GIVEN DATA.
BEGIN

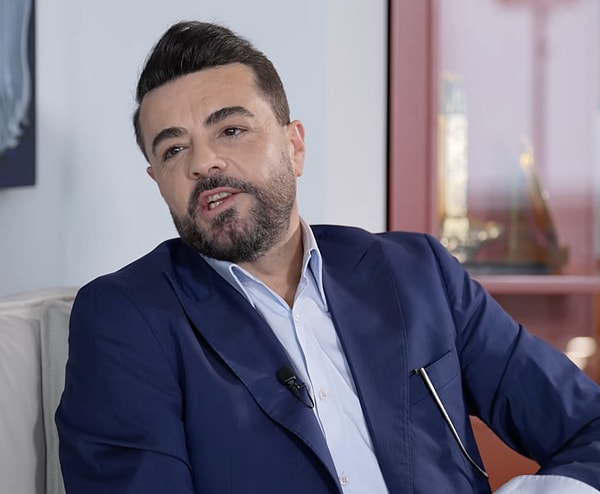 Şarkıcı, eşinin kendisine estetik yaptığı iddiasını yalanladı.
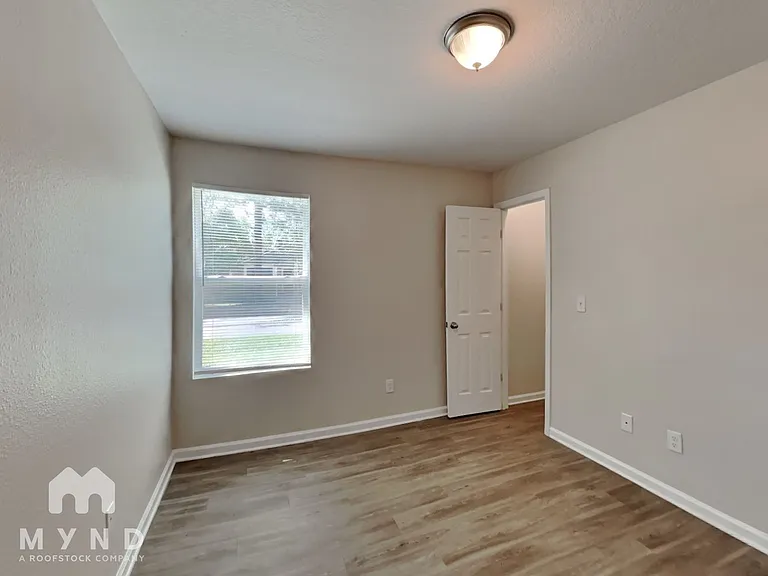 9104 Monroe Ave — Photo 12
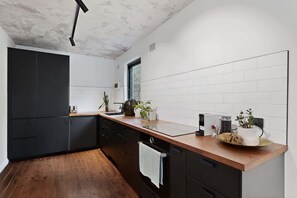 Fridge, oven, stovetop, dishwasher - Sunlit 3-Bed Coastal Stay with Private Deck (Cronulla)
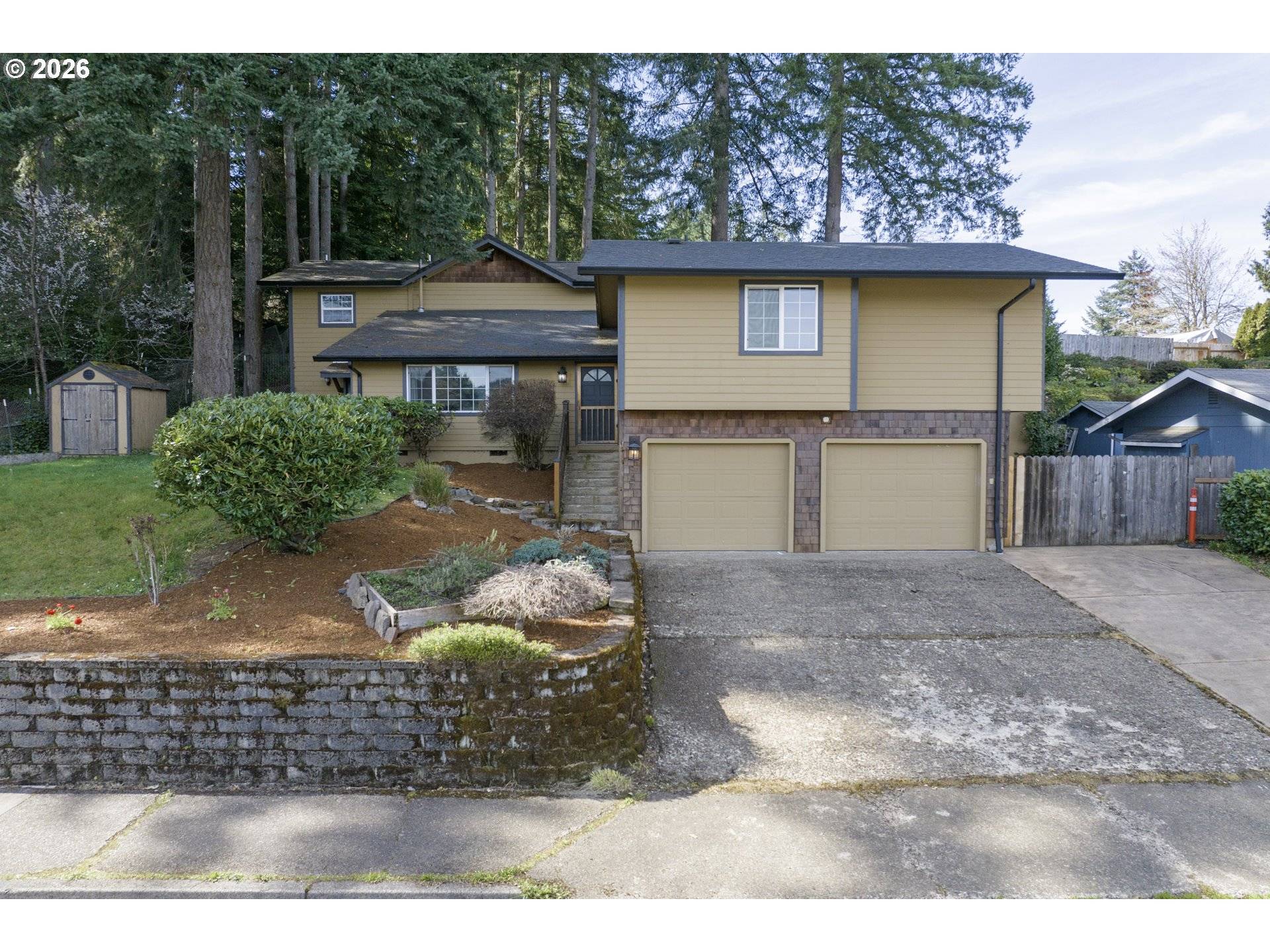 947 S R ST, Cottage Grove, OR 97424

END

Please transcribe the lines from the one containing "9104 Monroe Ave — Photo 12" to the last line of the listing, both included, exactly and with nothing added, leaving every picture out.

 9104 Monroe Ave — Photo 12
 Fridge, oven, stovetop, dishwasher - Sunlit 3-Bed Coastal Stay with Private Deck (Cronulla)
 947 S R ST, Cottage Grove, OR 97424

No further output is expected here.